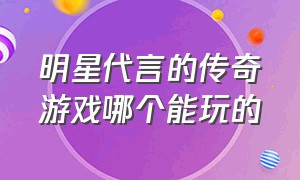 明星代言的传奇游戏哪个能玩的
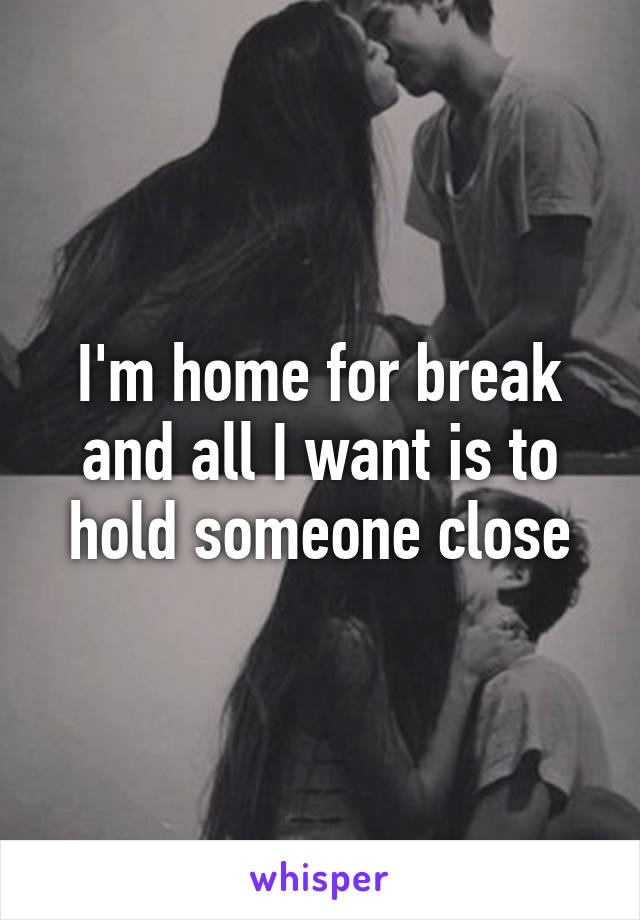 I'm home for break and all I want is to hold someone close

==

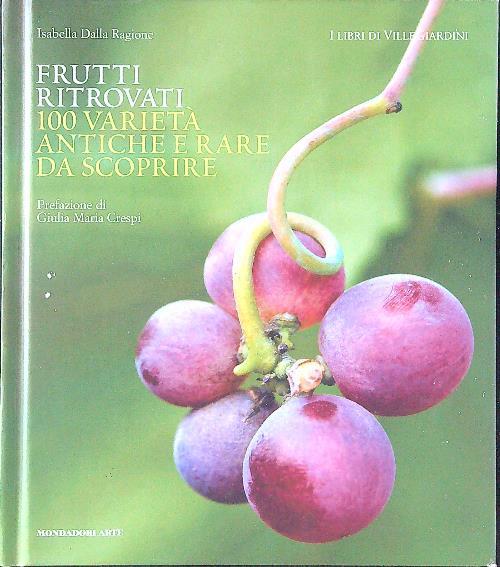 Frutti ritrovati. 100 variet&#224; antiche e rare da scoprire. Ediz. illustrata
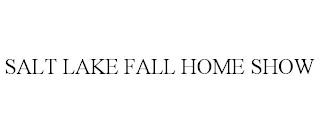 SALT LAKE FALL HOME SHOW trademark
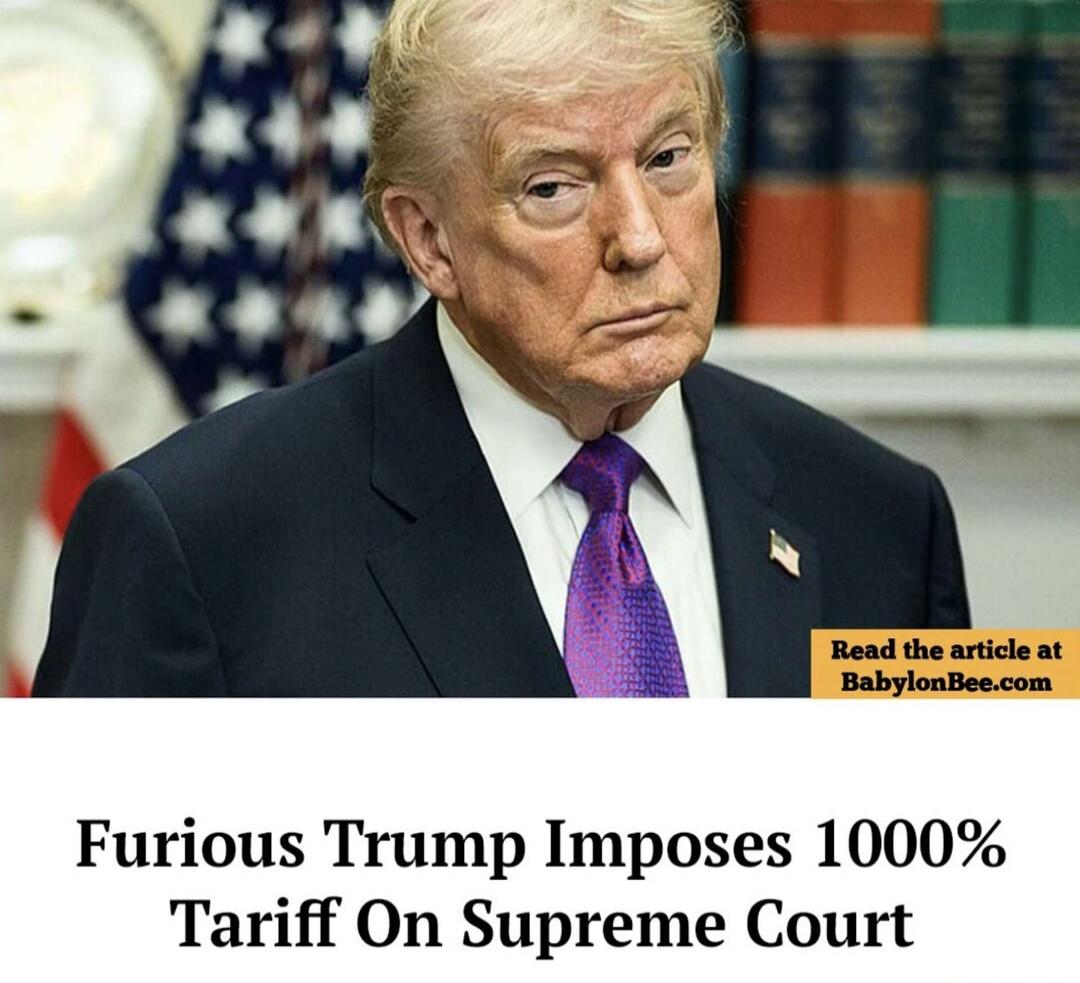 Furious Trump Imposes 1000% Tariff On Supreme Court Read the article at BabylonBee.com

==

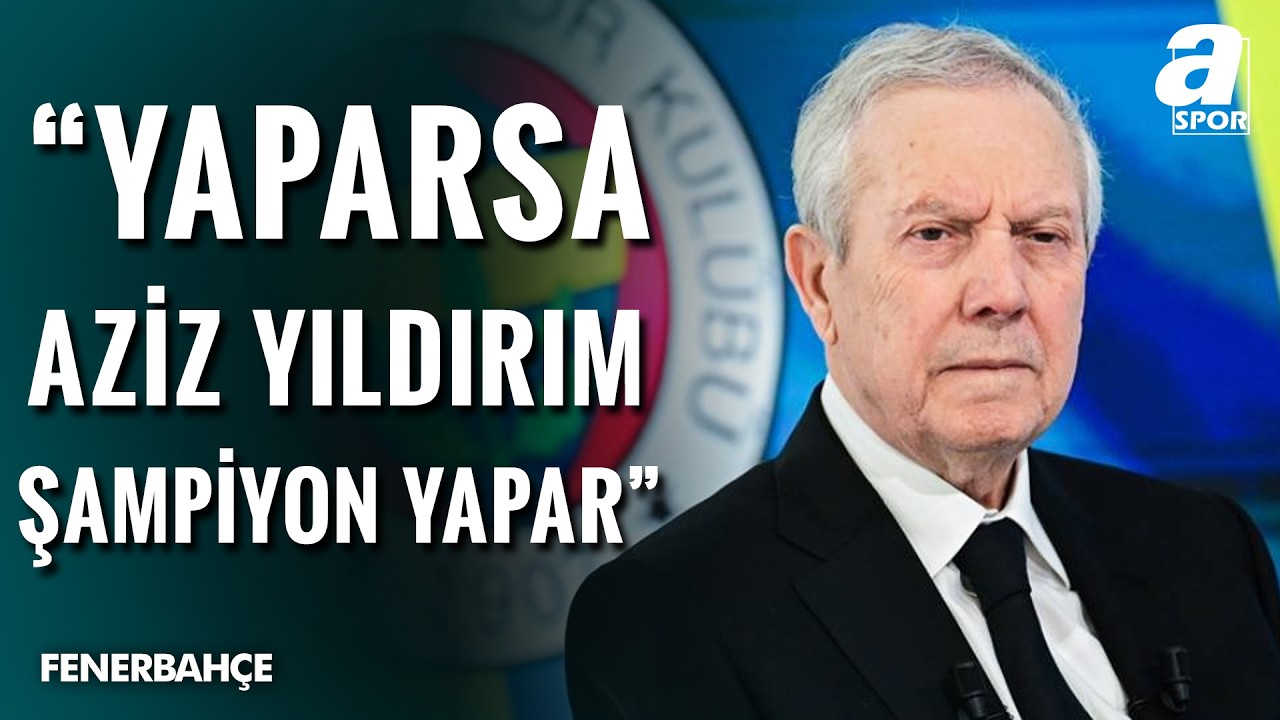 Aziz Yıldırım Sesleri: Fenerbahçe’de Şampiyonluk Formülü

> [TRY IT]
Everything between and including the line above containing "SALT LAKE FALL HOME SHOW trademark" and the line containing "Furious Trump Imposes" should be reproduced exactly, with pictures excluded.

> [TASK RESPONSE]
 SALT LAKE FALL HOME SHOW trademark
 Furious Trump Imposes 1000% Tariff On Supreme Court Read the article at BabylonBee.com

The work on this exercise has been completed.